A rule about online engagement has floated around the internet for a few years now. It is called the Rule of Participation Inequality, or the 90:9:1 Principle. It goes something like this:

User participation in any online internet community generally follows the 90:9:1 principle:

  • 90% of community members are lurkers who read or observe, but don’t contribute
  • 9% of community members edit or respond to content but don’t create content of their own
  • 1% of community members create new content

I think the Principle applies to quite a lot more than just online communities. In fact, I’m struggling to find situations where it doesn’t apply. Certainly, when innovation attempts are seeking to understand prospective customers better, one of the most effective shortcuts says to go and find the 1% (‘influencers’) and tap into their perspectives and opinions.

Except, not quite. In Innovation World – a place where we’re looking for step-change, ’10x’ solutions – it is always important to remember the (too-)oft used Henry Ford quote, “If I had asked people what they wanted, they would have said faster horses.” Customers, in other words, tend to be step-change-blind. In amongst the myriad other biases we all carry around with us, comes Zero-Sum Bias. This is the bias that encourages us to believe that life is a big game of whack-a-mole. The moment we solve one problem, the next one turns up. Life is win-lose.

The combination of this pair of inherent weaknesses leads to the recognition that, when it comes to innovation, most people’s instincts are, at best, ‘unhelpful’. I have a sneaking suspicion that the pair also forms much of the basis for Carlo Cipolla’s ‘Basic Laws Of Human Stupidity. And especially Law 1: ‘Everyone always and inevitably underestimates the number of stupid people in circulation’.

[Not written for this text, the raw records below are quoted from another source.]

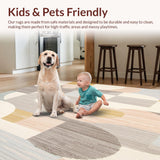 Ultra Soft Area Rug, Non Slip, Stain Resistant, Washable Area Rugs for Living Room, Bedroom, Whimsical Beige Geo Playful Geometric Shapes for Any Decor(Gray)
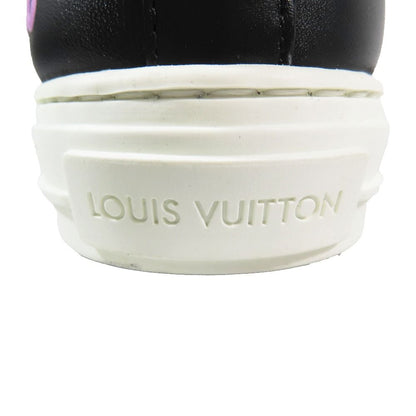 Louis Vuitton Stella Line Leather Quilted High Cut Sneakers Logo Shoes Black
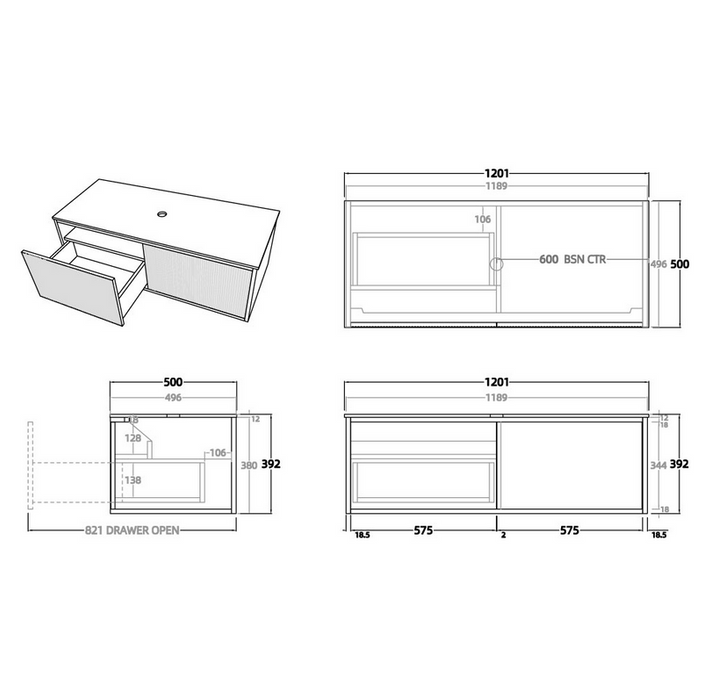 BELLEVUE Prime Oak Wall Hung Vanity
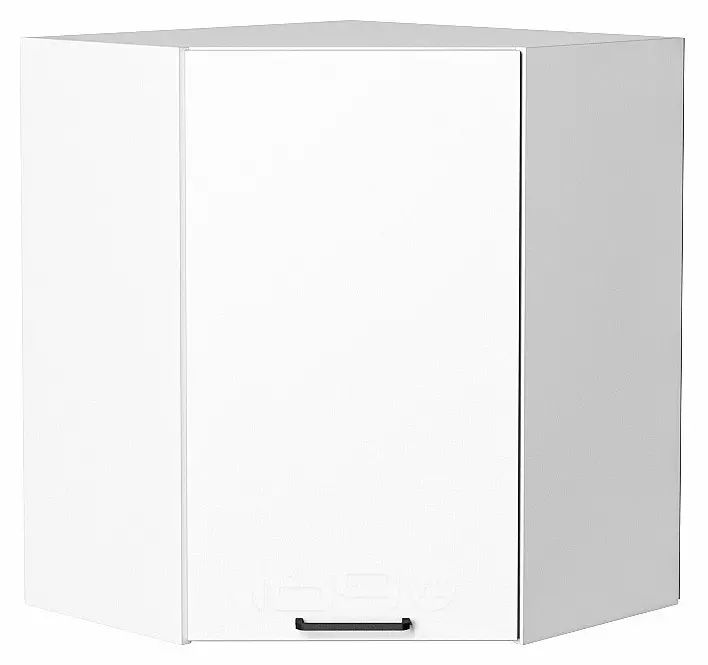 Шкаф верхний угловой Флэт White In 2S/Белый 716*600*600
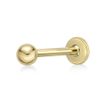Women's Labret Stud with Hollow Ball, 14K Yellow Gold, 16 Gauge, 3 MM | Lavari Jewelers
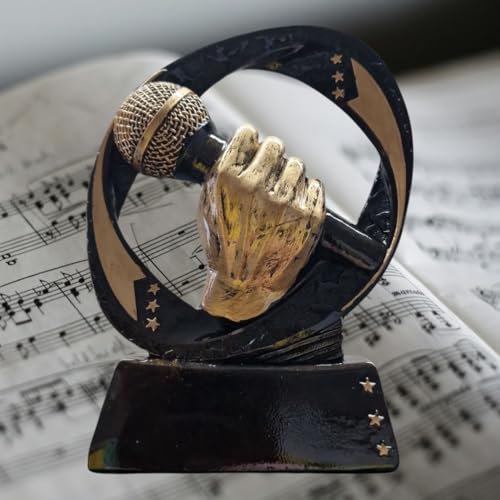 eberin · Musik Pokal mit Mikrofon 13 cm · Resin Trophäe mit Hand & Mikro · Ideal für Gesangswettbewerbe · Karaoke · Musikwettkämpfe & Bühnenauftritte · personalisierbar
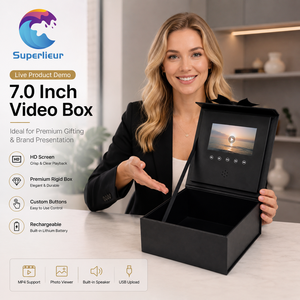 Invitación <span class=keywords><strong>de</strong></span> Boda <span class=keywords><strong>de</strong></span> Lujo Superlieur, Regalo <span class=keywords><strong>de</strong></span> Aniversario, Pantalla IPS <span class=keywords><strong>de</strong></span> 7 Pulgadas con Reproducción Automática, Interruptor Magnético, Impresión CMYK, Caja <span class=keywords><strong>de</strong></span> <span class=keywords><strong>Video</strong></span> <span class=keywords><strong>de</strong></span> 7 Pulgadas - Product Image 5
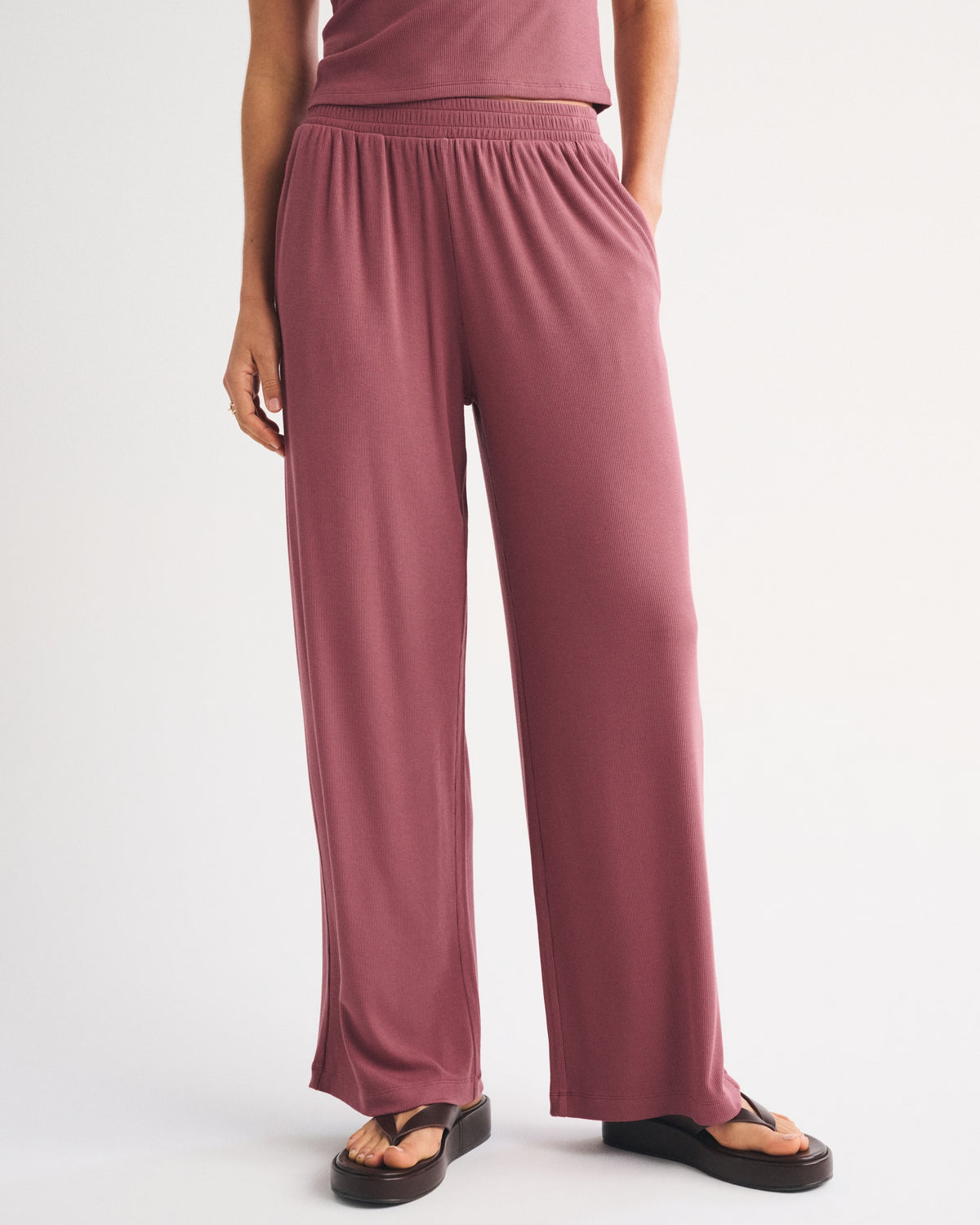 Abercrombie Lounge Ribbed Wide Leg Sweatpant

It is with Cipolla’s life-changing (life-affirming? (Cipolla isn’t trying to be cruel)) essay in mind that has caused Systematic Innovation World to implement our own version of the 90:9:1 Principle. Enter the (90:9:1)squared version. Which states that, once you’ve found the 1% of useful ‘content providers’, that 1% is subject to another 90:9:1 split:

90% of the 1% will be irretrievably caught in the Faster-Horse/Zero-Sum traps

9% of the 1% can intellectually accept the traps are escapable

1% of the 1% have successfully escaped the traps at some point in their lives

Or, put another way, about 0.01% of a population are able to provide meaningful innovation insight.

The first implication of this is that, unless we have access to very high numbers of interviewees or surveyees and even better filters, we’re better off not bothering.

The second is that, if you can find the meaning providers, you should try and keep a tight hold of them.

The third is that the tighter you hold, the faster they will escape.